This is called a float business in finance. Starbucks has more than a billion dollars in unredeemed balances, and they make ~$200 million per year in interest with this cash. They're basically a bank with a coffee shop side hustle.
How are they getting 20% on a deposit that presumably could be called up at any time, and how can I get in on it when the stupid "High Yield" accounts I can find top out at around 4%?
large businesses have large cash borrowing needs. if they borrow for free from their customers, it reduces the other borrowing they would need to do, so the rate to use is not what interest rate is available to you, but rather how much interest that Starbucks would need to pay for loans that size.

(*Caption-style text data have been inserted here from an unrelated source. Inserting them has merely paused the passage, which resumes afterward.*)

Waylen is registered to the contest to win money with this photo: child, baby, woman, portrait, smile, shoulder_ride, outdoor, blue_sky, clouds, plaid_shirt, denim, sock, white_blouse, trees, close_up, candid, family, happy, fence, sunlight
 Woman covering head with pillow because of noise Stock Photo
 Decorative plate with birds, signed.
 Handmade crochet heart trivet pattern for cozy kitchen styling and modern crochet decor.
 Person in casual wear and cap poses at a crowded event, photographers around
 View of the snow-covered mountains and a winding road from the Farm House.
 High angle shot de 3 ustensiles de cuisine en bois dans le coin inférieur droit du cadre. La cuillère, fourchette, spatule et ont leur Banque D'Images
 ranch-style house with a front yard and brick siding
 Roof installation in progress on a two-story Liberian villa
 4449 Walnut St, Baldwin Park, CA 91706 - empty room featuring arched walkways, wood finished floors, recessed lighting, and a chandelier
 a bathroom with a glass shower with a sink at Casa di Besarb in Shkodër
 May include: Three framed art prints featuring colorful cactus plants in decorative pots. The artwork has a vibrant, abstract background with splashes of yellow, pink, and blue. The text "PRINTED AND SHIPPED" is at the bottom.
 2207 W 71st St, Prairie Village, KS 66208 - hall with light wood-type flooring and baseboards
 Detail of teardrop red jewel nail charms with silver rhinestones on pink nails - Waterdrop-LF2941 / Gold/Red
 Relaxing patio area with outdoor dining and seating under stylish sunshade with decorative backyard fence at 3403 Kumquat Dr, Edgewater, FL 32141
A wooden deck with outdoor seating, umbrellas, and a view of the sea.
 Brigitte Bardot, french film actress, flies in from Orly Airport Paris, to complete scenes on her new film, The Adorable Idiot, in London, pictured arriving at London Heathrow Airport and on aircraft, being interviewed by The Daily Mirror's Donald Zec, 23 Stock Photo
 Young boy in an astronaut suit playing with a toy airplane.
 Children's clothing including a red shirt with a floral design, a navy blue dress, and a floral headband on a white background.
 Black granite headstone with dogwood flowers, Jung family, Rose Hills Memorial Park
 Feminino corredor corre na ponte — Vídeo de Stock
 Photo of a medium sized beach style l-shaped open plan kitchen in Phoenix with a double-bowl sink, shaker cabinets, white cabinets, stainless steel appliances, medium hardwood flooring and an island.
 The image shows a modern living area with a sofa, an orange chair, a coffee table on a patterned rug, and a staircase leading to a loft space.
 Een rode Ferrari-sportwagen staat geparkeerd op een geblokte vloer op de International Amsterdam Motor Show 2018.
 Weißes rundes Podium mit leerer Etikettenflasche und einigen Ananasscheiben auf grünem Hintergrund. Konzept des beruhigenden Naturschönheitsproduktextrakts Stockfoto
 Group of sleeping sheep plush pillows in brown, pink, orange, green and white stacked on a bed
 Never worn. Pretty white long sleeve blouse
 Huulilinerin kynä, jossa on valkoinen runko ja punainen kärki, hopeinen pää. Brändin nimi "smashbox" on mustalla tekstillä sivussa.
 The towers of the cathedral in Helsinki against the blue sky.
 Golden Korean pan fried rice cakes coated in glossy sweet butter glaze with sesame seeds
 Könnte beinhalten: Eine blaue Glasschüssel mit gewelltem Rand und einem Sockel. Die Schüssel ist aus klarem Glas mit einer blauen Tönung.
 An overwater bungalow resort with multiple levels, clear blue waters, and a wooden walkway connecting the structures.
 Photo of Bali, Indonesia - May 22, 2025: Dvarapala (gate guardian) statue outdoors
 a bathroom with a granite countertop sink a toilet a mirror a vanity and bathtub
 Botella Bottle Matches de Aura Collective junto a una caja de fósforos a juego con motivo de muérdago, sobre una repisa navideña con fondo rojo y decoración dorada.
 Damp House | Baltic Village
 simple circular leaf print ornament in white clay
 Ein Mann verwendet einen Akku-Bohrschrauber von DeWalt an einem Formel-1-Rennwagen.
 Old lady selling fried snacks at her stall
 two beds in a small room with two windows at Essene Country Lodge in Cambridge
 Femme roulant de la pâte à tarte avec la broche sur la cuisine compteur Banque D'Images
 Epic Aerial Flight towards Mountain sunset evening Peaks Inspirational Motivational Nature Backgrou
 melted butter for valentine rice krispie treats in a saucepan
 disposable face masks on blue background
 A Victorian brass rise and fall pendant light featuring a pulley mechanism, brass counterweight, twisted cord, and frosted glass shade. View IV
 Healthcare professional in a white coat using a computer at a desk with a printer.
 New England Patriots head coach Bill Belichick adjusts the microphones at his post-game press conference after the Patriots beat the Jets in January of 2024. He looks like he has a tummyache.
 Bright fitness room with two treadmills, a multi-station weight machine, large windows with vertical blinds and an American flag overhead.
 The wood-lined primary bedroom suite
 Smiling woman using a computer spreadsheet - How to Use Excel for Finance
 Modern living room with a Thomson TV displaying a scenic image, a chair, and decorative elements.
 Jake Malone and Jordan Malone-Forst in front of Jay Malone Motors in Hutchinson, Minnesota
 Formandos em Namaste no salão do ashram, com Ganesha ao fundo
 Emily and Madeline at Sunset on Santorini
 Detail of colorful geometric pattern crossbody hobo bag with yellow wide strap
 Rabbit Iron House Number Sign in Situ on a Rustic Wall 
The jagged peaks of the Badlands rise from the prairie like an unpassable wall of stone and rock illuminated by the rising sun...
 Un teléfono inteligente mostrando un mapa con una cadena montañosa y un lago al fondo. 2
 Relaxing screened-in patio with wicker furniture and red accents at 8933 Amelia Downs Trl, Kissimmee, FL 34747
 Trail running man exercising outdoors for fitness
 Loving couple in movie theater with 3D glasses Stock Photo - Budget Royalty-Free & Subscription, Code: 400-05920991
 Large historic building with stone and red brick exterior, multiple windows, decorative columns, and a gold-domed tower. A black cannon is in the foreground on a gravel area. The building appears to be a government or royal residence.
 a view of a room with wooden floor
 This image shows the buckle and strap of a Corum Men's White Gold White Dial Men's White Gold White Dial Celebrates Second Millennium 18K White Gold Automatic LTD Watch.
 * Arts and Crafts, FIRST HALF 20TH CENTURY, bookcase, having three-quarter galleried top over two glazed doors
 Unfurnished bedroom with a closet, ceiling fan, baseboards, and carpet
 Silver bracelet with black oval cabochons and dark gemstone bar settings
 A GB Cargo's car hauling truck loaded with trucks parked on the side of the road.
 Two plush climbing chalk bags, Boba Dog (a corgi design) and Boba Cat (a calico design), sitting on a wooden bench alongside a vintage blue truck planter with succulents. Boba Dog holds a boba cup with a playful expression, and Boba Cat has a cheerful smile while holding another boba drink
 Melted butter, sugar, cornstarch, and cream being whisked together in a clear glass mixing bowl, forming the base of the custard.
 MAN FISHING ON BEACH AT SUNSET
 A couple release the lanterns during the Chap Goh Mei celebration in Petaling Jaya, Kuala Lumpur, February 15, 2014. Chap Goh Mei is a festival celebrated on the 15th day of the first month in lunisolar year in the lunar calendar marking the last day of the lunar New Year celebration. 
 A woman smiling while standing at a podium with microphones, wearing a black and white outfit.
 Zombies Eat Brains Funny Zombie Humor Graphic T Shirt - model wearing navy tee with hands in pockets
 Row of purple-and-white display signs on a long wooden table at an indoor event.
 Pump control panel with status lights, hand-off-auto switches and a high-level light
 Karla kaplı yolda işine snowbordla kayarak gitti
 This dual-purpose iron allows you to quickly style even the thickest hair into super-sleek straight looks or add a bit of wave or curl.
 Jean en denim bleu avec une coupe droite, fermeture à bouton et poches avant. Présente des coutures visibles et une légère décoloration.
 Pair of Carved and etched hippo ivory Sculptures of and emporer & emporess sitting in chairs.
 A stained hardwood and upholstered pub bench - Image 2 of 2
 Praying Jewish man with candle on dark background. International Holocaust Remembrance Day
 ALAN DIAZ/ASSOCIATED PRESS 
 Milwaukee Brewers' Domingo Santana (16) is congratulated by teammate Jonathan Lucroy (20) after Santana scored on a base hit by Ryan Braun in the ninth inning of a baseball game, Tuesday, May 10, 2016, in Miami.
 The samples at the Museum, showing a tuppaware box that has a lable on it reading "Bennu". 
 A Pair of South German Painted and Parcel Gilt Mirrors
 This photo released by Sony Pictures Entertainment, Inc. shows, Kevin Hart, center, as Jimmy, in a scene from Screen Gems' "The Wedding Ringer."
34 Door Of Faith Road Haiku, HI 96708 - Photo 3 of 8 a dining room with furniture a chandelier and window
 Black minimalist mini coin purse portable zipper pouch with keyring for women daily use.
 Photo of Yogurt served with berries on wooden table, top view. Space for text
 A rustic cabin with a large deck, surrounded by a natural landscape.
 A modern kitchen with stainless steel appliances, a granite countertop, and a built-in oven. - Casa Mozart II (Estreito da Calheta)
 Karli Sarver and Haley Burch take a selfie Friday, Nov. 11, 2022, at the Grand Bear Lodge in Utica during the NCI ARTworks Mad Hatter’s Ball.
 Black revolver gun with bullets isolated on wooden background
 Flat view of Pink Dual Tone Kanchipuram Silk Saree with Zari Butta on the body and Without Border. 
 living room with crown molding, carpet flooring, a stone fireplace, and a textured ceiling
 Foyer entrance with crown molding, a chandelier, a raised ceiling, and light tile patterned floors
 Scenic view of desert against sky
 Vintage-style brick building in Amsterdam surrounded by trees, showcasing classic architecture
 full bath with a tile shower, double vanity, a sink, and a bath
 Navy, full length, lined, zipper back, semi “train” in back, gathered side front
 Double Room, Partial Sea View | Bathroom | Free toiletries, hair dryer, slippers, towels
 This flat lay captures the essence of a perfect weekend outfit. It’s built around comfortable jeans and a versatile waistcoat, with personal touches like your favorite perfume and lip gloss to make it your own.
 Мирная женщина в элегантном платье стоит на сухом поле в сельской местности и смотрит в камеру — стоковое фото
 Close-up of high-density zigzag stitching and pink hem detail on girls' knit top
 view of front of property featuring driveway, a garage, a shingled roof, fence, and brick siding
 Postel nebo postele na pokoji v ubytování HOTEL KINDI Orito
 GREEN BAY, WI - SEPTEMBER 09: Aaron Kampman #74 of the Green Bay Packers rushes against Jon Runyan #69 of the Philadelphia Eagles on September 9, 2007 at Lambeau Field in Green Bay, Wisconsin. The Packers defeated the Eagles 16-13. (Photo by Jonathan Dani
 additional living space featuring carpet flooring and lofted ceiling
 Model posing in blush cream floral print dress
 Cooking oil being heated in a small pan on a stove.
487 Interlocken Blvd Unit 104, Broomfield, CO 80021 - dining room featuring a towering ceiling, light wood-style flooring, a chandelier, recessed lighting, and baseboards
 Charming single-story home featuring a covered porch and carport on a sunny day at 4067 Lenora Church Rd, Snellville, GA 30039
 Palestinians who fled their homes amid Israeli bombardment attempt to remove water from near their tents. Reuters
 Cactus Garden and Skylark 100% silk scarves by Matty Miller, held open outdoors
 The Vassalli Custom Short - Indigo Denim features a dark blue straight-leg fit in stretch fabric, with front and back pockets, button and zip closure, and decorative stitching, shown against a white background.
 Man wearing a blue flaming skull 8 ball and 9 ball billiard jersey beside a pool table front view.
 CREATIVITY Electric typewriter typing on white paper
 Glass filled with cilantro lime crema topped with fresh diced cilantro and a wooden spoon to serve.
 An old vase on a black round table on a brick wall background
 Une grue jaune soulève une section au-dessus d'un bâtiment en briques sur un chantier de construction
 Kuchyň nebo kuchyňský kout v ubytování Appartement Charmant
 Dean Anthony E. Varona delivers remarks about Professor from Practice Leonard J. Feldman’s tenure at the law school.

Furthermore, whereas dividends are taxed twice (once as profit for the company and again as regular income to the shareholder), interest is a tax deduction to the company (which decreases their taxable profits) and for a percentage of debtholders that interest income is also taxed advantageously.
probably doesn't come up to 20% (unless Starbucks is in junk bond territory) but it's higher than the investment rate of 4% that you're quoting.
If anyone knows of _any_ investment yielding a yearly 20% reliably, I'd certainly be interested. If Starbucks figured that out, I don't know why they're bothering making coffee.
Most of the time they have a buried clause that says that you forfeit all of your credit or get charged an inactivity fee if there have been no account transactions or no credit added for 12 or 18 months. Same reason why you should never buy gift cards.
I mean I’d love to have a free $21M a year, but if you’re already Starbucks then somehow it feels like pocket change compared to your actual earnings and would question if it was worth the effort.
But they also have over a billion cash at hand. I imagine at that scale and customers being private, the amount is pretty stable and Starbucks can just do whatever with this since it's extremely unlikely that customers demand all their money back at once.
I mean, once Starbucks have it, then the customers get it back via product (that has a margin included), or just leave it forever (free money!)
I have a firm "No vouchers" rule because of this, the vouchers in my part of the world inexplicably "expire" if not used within a certain amount of time, cannot be redeemed for cash, and will not be honoured if the business goes belly up
According the laws here they have to. Doesn't mean they won't make it difficult. And it needs to be in a separate account and business (to avoid it being drawn into a bankruptcy). Not that this has ever stopped businesses from abusing it anyway. I doubt this voucher option is available in the Dutch app because of this but I didn't bother to check.
That was actually a bad year, as that "free" $21 million represented a loss of about $30 million. $1.17 billion on Jan 1st 2016 is equivalent to $1.22 billion a year later due to inflation. So they would have had to generate $50 million just to break even in actual buying power terms.
No, they're saying that inflation that year was 4.3% ($1.22B / $1.17B¹) If you're only making 1.8% in investing it, you're not beating inflation, and your money, though nominally growing (number is going up), is decreasing in its real value (amount of stuff the money gets is going down).
(¹I think this is too high; BLS thinks inflation over 2016 was 2.5%. But their core point still stands: interest earned was below inflation.)
If they're intentionally causing the customer to have an unspendable balance, knowing that it's making them $200m/yr, how is that not fraud (or some kind of crime)? I'd expect atleast CA would do something about it.
Customers agree to this when they accept the terms of the app. This is also how a debit or savings account at any bank works. Both businesses have sophisticated models to determine how and when customers are likely to make withdrawals, and based on these models they lend out the money based on acceptable risk criteria.
Even if it is in the T&Cs, this one feels like it wouldn’t actually hold up?
Expecting people to read those for most simple sign ups is already a high baseline, and Starbucks is not technically a banks and offers no consumer protections (FSCS or other), so that feels knowingly misleading, even if the total balances held are small per customer.
Toronto Parking Authority is guilty of this. If you pay at a terminal on the street, then you're charged the exact amount needed for your parking session. If you pay using the mobile app, then it charges your credit card in increments of $20, requires your mobile phone number as an account identifier, and keeps track of your remaining monetary balance.
I don't know a single resident who uses oyster (maybe kids? Dunno, I don't have kids in my social circle), infrequent visitors are actually the only ones I've seen using oyster and that's because they thought that was the only way to use transport
Then when you spend down the credit to $2 any attempt to buy something that costs more refills the credit.
Starbucks app btw. You have to specifically pay with card on the payment screen to avoid buying credit and paying as above.